Sometimes tailgating at home can be a lot more fun than going to the stadium. Lines to the bathroom are shorter, and the fact that it’s a bathroom and not a portable toilet is a win in itself. It is more convenient to be at home, because things are more readily available. And rain or shine, the party goes on.
To boost the experience at home, have something at your house themed to where the team is playing if they’re on the road.
One of the most important things to remember while tailgating at home is to keep the food outside of the television room, Cahn said, because there is nothing worse than somebody getting up to get peanuts across the table blocking everyone else’s view. Food should be kept in a separate room or off to the side.
Cahn also recommends individual packs of chips so that people don’t double dip. Hosts may also want to consider putting trail mix in individual plastic bags so that picky eaters are not touching everything as they sort through a bowl.

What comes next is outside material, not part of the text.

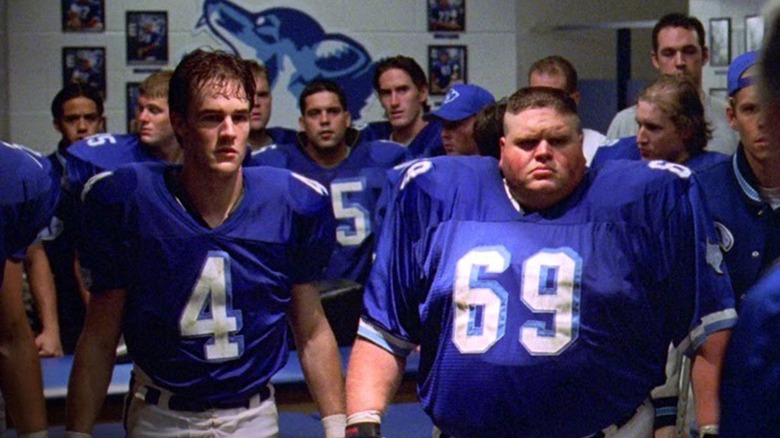 Jonathan Moxon (James Van Der Beek) and Billy Bob (Ron Lester) stand sweaty with their team in the locker room in Varsity Blues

As Cahn put it, tailgating is people bringing their backyard to another place. And the best compliment that tailgaters can give you is for them to invite you to their makeshift home in a stadium parking lot.
“The difference between friends and acquaintances is when you break bread with someone,” Cahn said.
Bringing a camera and taking photos of people cooking is also a good idea, because people love to share their recipes, Cahn said.